Materials and Methods

Datasets

For a fair comparison with previous MSA-based models ProteinUnet2 and SPOT-1D, we use the same training, validation, and test sets. The training set TR10029 contains 10’029 sequences, the validation set VAL983 has 983 sequences, and there are two test sets: TEST2016 with 1213 and TEST2018 with 250. See 20 for the details about these datasets.
For comparison with LM-based models, we use four additional test sets introduced in SPOT-1D-LM 27. The largest TEST2020 contains 547 sequences deposited between the years 2018 and 2020 where remote homology to proteins released before 2018 was removed. Two separate test subsets were extracted from TEST2020 to assess the performance of algorithms in specific cases, TEST2020-HQ with 121 sequences with high-resolution structures (< 2.5 Å), and Neff1-2020 with 46 sequences with no homologs (Neff=1). The original list of sequences in the TEST2020 set contained 671 sequences but we could not find some sequence codes in Protein Data Bank (PDB) or ProteinNet 32. Thus, we attached our lists of sequences and their DSSP-generated SS8 for TEST2020 as Supplementary File 2. The smallest CASP12-FM dataset contains 22 sequences without any known structural templates (free-modeling) from CASP12.
Finally, we compare all the networks on the newest CASP14 dataset of 30 proteins (the same as used in 31) for which the PDB targets were available on the official CASP14 challenge page (prediction-center.org/download_area/CASP14/targets).
The ratios of each SS8 in all mentioned datasets are given in Supplementary Figure S1. It gives an overview of how imbalanced is the problem of SS8 prediction.

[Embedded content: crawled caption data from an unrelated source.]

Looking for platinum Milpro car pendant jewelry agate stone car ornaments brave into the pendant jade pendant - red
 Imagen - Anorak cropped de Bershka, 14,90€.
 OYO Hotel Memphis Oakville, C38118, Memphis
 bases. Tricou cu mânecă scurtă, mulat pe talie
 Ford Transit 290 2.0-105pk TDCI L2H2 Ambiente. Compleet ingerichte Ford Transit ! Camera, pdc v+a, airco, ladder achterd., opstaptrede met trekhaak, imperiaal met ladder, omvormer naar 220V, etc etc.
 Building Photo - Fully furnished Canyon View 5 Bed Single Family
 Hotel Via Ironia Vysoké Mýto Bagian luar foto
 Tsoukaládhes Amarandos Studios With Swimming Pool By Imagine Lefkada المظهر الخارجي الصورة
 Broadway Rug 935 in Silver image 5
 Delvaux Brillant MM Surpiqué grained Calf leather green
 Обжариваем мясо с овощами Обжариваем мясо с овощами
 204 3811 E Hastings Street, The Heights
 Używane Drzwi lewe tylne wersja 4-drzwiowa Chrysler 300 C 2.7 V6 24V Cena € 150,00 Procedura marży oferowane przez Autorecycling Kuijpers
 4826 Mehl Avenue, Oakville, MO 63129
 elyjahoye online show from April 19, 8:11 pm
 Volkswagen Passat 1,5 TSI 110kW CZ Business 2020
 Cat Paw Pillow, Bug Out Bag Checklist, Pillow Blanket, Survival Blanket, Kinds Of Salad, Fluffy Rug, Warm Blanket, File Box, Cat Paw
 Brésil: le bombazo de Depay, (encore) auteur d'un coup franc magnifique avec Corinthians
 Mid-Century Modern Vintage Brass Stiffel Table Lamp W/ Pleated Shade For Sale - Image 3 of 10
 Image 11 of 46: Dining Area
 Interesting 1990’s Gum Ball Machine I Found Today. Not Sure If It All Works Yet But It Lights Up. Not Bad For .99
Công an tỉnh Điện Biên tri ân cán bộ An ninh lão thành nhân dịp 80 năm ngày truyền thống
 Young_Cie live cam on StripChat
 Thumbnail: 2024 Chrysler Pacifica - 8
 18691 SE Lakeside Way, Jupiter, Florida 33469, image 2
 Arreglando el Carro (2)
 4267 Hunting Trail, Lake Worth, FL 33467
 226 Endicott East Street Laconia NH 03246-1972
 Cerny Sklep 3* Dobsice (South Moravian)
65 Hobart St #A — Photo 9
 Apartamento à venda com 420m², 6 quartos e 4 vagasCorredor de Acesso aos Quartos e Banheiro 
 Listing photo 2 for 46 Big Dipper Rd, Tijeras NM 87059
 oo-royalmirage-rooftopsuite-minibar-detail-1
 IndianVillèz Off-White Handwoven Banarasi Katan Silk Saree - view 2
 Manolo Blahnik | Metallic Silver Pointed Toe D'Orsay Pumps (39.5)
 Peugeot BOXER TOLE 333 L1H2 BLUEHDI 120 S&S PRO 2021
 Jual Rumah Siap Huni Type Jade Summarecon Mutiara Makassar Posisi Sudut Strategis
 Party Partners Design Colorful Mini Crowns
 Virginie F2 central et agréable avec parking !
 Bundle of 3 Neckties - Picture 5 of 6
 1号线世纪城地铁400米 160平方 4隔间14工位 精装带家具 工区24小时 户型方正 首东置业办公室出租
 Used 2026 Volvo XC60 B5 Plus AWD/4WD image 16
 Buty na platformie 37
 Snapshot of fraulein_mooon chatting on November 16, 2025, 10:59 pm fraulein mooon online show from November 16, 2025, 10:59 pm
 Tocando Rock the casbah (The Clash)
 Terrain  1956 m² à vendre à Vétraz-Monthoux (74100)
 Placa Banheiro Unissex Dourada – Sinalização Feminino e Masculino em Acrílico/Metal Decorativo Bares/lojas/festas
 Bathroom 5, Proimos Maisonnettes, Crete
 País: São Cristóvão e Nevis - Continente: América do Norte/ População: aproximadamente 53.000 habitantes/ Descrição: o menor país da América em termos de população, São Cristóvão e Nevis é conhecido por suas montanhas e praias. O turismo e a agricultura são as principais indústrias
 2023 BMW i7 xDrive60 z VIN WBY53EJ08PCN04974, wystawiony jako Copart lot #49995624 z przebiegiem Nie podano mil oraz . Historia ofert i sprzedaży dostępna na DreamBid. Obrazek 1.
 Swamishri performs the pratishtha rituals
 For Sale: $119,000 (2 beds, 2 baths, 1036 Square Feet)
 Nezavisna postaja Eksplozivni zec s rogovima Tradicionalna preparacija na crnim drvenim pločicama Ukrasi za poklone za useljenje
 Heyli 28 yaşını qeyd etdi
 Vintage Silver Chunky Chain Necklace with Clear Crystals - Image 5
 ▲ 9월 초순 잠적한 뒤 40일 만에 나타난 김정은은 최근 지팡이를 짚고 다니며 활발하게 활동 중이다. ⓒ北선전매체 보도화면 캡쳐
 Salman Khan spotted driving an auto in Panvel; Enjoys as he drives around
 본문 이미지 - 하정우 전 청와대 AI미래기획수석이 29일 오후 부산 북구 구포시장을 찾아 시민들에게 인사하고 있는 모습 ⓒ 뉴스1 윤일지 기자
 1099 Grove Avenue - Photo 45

Attention U-Net for secondary structure prediction

U-Net is a state-of-the-art architecture in image segmentation tasks33–35 and we previously successfully introduced it into the domain of protein secondary structure prediction by creating the ProteinUnet model 36. The Attention U-Net architecture of ProteinUnetLM presented in this paper adapts our previous ProteinUnet2 model 31 to the features from pLMs.